Think Long Term. It's a big mistake to try to make long term strategy decisions based on constant short-term information from the media, says Thomas Mingone, founder of Capital Management Group. Take emotion out of the equation.

"Develop an asset allocation strategy based on long term goals and risk tolerance and then make tactical adjustments to 'tweak' the portfolio," Mingone adds.

Seek High Dividend Stocks. Certain areas of the stock market are beginning to look attractive relative to bonds, says Abel. For example, high-quality, large-cap, high-dividend-paying stocks are attractive. "With many stocks offering a 3% dividend yield or higher, that's a much better yield than U.S. Treasurys, and you have upside potential from the growth of earnings and hence stock price over time," he adds.

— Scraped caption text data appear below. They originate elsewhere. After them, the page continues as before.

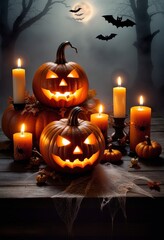 Jack O Lantern. Carved glowing pumpkin and candles on table, on fog background. Concept poster of Halloween. Copy space.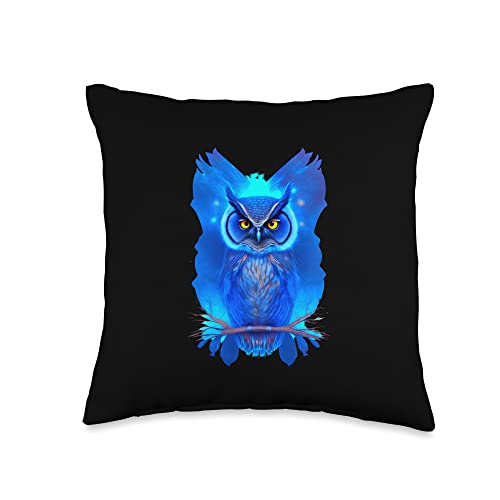 Blue Fire Tattoo Eule Eulen Designs By Drosoman Blue Fire Tattoo Owl Design Unique Style Throw Pillow, 16X16, Multicolor #TOP16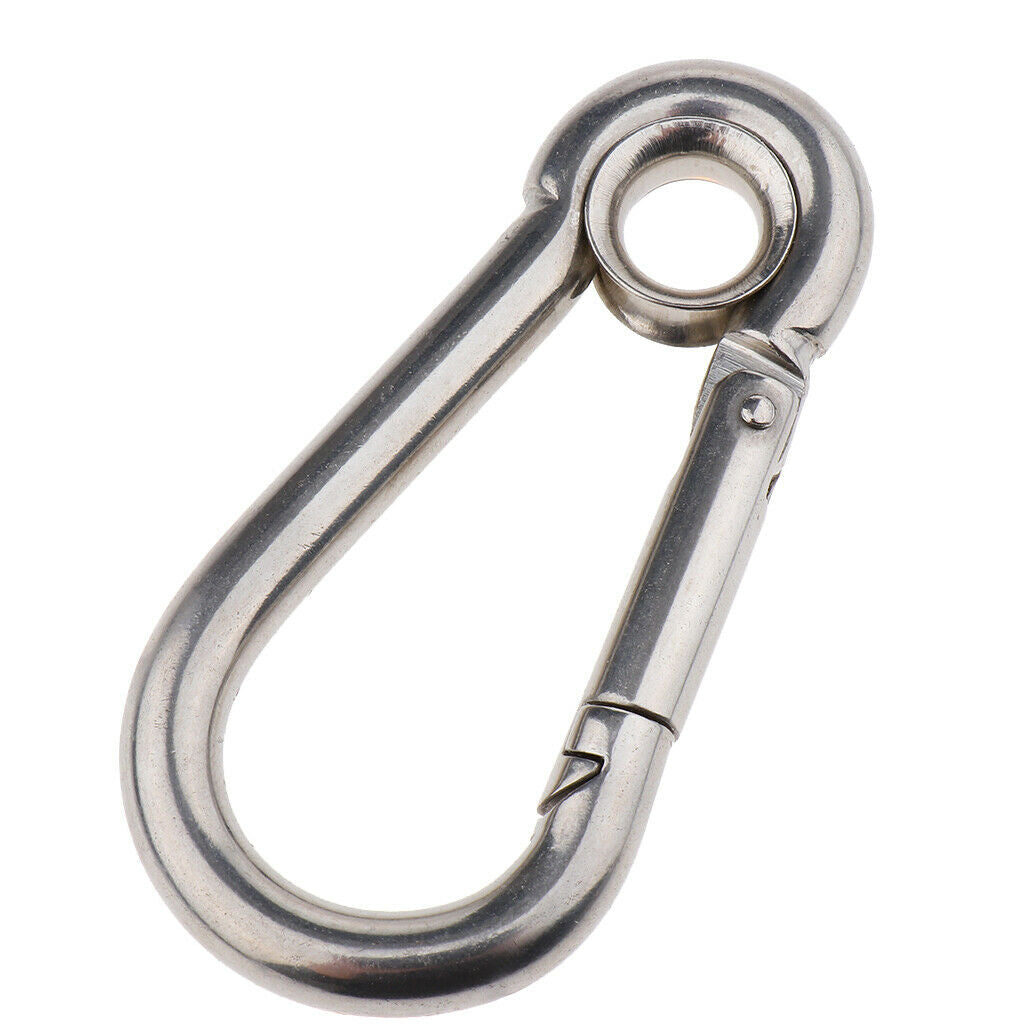 2X Spring Snap Hook Stainless Steel Clip Keychain Carabiner for Camping Hiking
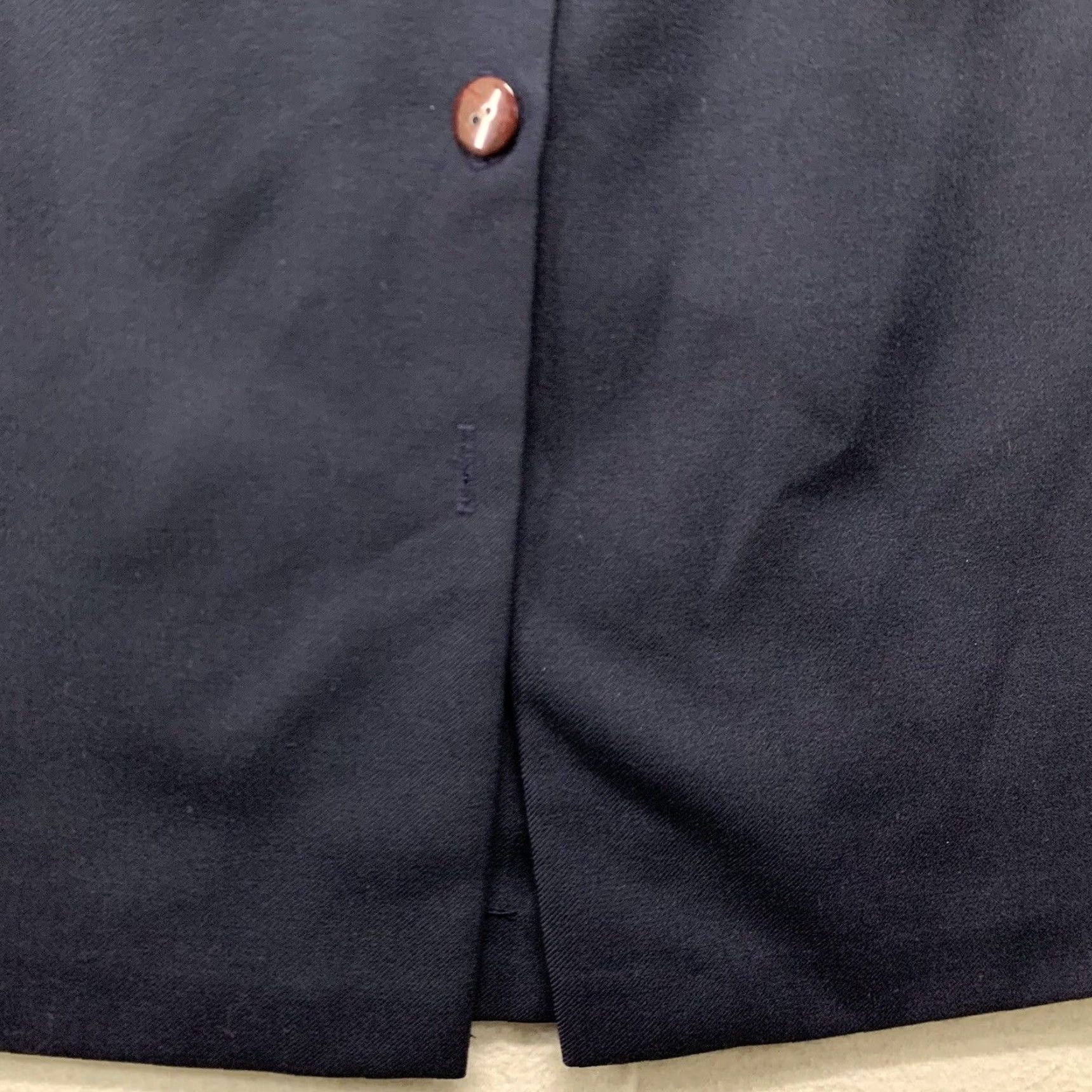 Vintage Womens Christy Girl Vintage Skirt Made USA Navy Blue Button Petite 12P Knee Length Tailored Pants No, sorry Size 34" / US 12 / IT 48 - 5 Thumbnail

Furthermore, suggests Richard Leader, chief investment officer of First Houston Capital, some investors are willing to assume risk by buying bonds they don't know the risk of, yet are avoiding quality, dividend-paying stocks that have way less risk than junk bonds -- they're leery just because they are stocks.

Remember, Price Matters. In today's economy, risky assets are a bigger gamble than ever, yet some folks are trying to pump up their returns with junk bonds, distressed assets and the like. "Higher risk does not always lead to higher returns. In fact, right now, the risk of losing money is far greater than it would be under normal circumstances," says Wenning.

Forget the Crowds. Not only are some investors running to assets that are recent top performers, they are often paying top dollar for them.

"Don't follow the crowd. Many are being a sucker for what's popular at the moment, like gold, which is a hypothetical asset," says Leader.

Chasing performance is like driving a car by looking in the rearview mirror, adds Jerry Miccolis, chief investment officer at Brinton Eaton.

Avoid the Temptation to Stand Still. Uncertainty and fear leaves many with a certain sense of paralysis. Investors decide to do nothing. "Failure to plan is like having a float without a motor, you'll go nowhere," says Rose Greene, a certified financial planner with Rose Greene Financial Services. Not making a decision can be just as detrimental as making the wrong decision.

Be Nimble. You don't want to jump in and out of the market, but you do want to periodically examine your portfolio to see how it lines up with your goals and objectives, and then rebalance it accordingly. You might even need to be a bit more tactical in your approach.

"The old buy and hold style of investing no longer works," says Greene. "In this current environment, this strategy will result in returns that go up and go down, but over a 10-year period may go nowhere. It's important to take a tactical approach to investing. Buy and hold may work if you are very young with a long time horizon before retirement."

Most important: Fight fear and emotion with perspective, and remember that what you do today impacts what you'll have tomorrow.